Menurut informasi dari Ibu Kartini salah satu kerabat Dr. Soetomo. Menjelaskan bahwa pada saat ibu Dr.Soetomo yang bernama R. AY. Soedarmi sedang mengandung/bobot sepuh (jawa), oleh nenek ( Eyang putri ) Dr.Soetomo yang bernama R. AY. Sadilah diboyong dengan cara ditandu dari Kabupaten Jombang sampai ke Nganjuk tepatnya di Desa Ngepeh Kec. Loceret. Dan beberapa hari kemudian lahirlah jabang bayi laki-laki yang tidak lain adalah Dr. Sortomo pada tahun 1888. Hari berganti hari, bulan berganti bulan dan tahun berganti tahun akhirnya Soetomo berkembang menjadi pemuda yang gagah dan tampan.
Dari penuturan salah satu kerabat dekat beliau yang sekarang sebagai juru kunci pemakanan khusus keluarga Dr. Soetomo yang bernama Mahmud Akiyat (39) canggah dari Kyai Bunawi bahwa sebenarnya pada masa-masa muda Soetomo ( sebelum menjadi dokter ) adalah sosok pemuda yang cukup bandel. Dia (Soetomo muda) bahkan tidak mau sekolah hingga kadang membuat berang kedua orang tuanya. Akan tetapi karena bimbingan dan pendidikan serta motivasi dan dorongan dari R. Hardjodipoero yang tidak lain adalah pamannya sendiri, akhirnya Soetomo tumbuh menjadi pemuda yang cerdas hingga mampu meraih gelar Dokter.
Setelah bergelar Dokter, Soetomo ternyata juga aktif dalam gerakan-gerakan pemuda yang pada akhirnya mampu membangkitkan semangat para penerus bangsa untuk selalu berjuang demi tegaknya kedaulatan ibu pertiwi tanah tumpah darah Indonesia. Oleh karena itu maka Dr. Soetomo diberikan gelar sebagai pahlawan pergerakan nasional. Dr. Soetomo meninggal pada tahun 1938 dan dimakamkan di Taman Makam Pahlawan Surabaya.
Mengingat jasa-jasa beliau yang besar kepada negara maka atas prakarsa Harmoko pada tahun 1985 mulailah dibangun sebuah monumen yang diberi nama monumen Dr. Soetomo. Dengan harapan agar kelak dikemudian hari anak cucu generasi penerus bangsa kita yang tercinta ini dapat meneladani kepahlawanan Dr.Soetomo, demi kemajuan bangsa Indonesia menuju bangsa yang besar.
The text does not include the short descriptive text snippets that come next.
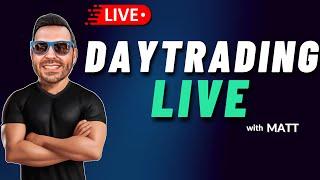  Live Futures Trading - NQ / ES Live Day Trading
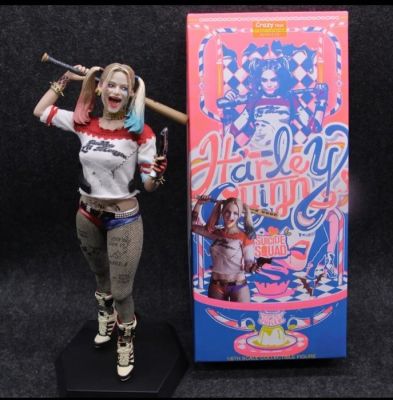 Figure - Harley quinn 1/6scale - pvc | Catawiki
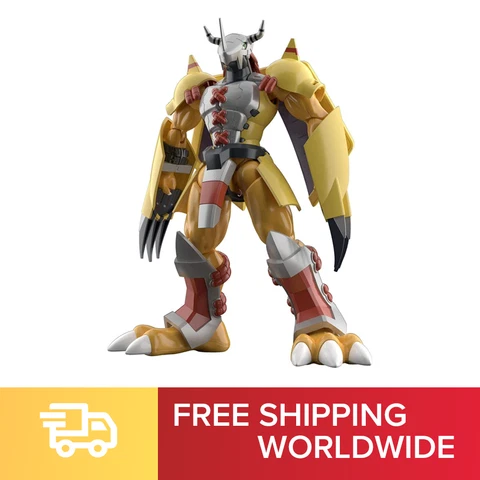 Bandai Figure-rise Standard Digimon Adventure Wargreymon Colored Plastic Model Cover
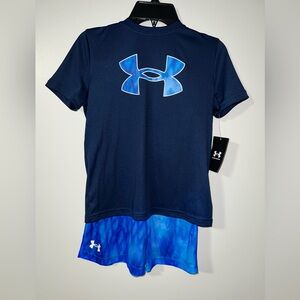 Under Armour NWT Boys 2 Piece Set YSM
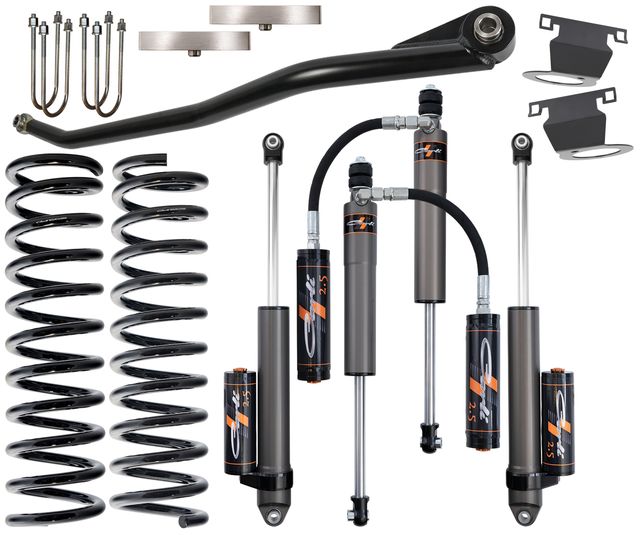 Pathfinder Leveling System 19+ RAM 3500 Carli Suspension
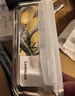 樂(lè )扣樂(lè )扣 玻璃保鮮盒微波爐飯盒碗密封便當餐盒儲物盒收納盒子750ML 曬單實(shí)拍圖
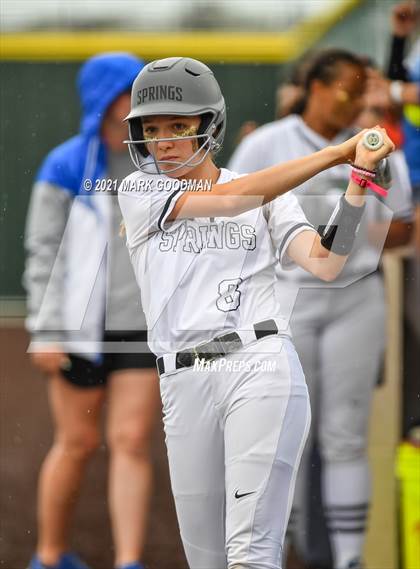 Thumbnail 2 in Katy vs Clear Springs (UIL 6A Regional Semi-Final Playoff) photogallery.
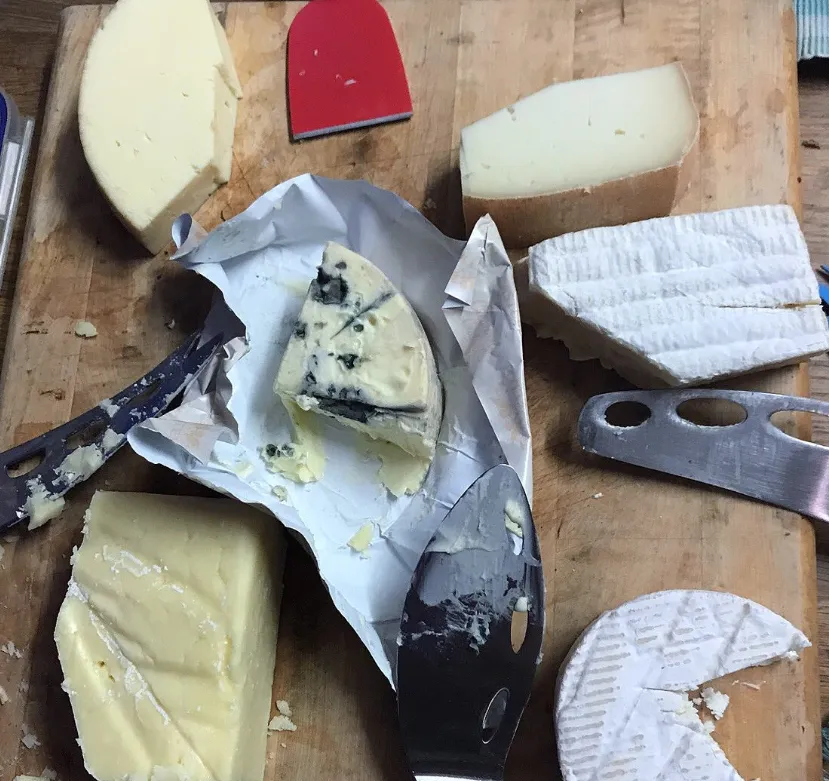 Gourmet Cheeses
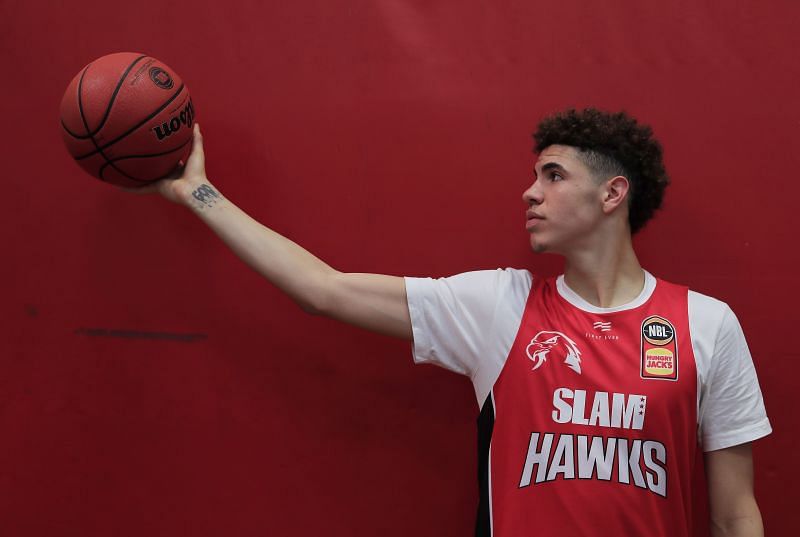 The New York Knicks might trade up for LaMelo Ball before draft night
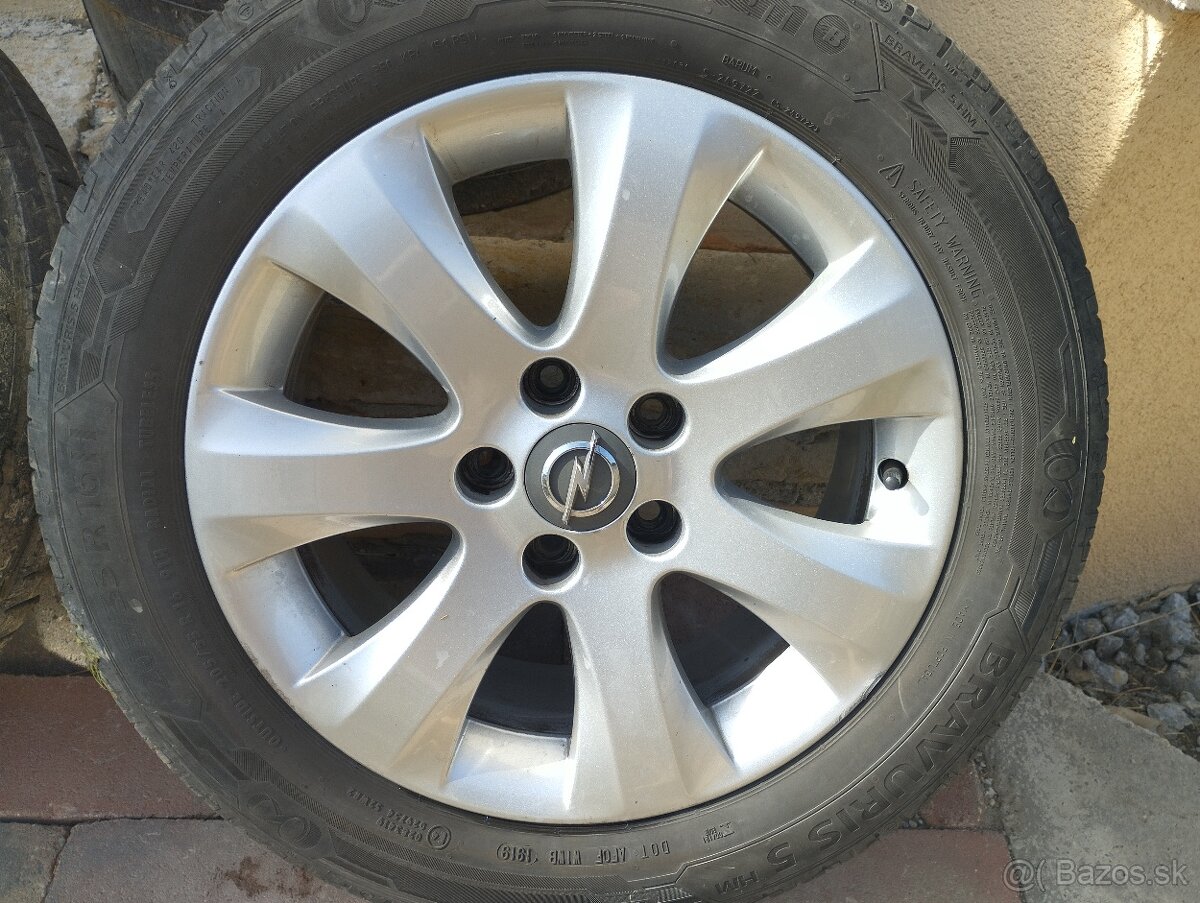 Ronal 6,5J 16H2 ET37 5x110 - 4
Di sebelah selatan monumen Dr. Soetomo + 1 km, terdapat makam khusus keluarga besar R. Singowidjojo. Yang bersemayam dimakam khusus keluarga besar tersebut diantaranya adalah R. Singowidjojo (Eyang kakung Dr.Soetomo), R. AY. Soedarmi Soewadjipoetro (Ibu Dr.Soetomo), R. Hardjodipoero (Paman sekaligus Pendidik Dr.Soetomo), beserta kerabat dekat lain yang masih famili dengan Dr.Soetomo yang telah meninggal seperti Siti Nurjanah, Kyai Bunawi, Sugeng Ari Subuwono. Sedangkan ayah beliau yang bernama R. Soewadjipoetro dimakamkan di Madiun.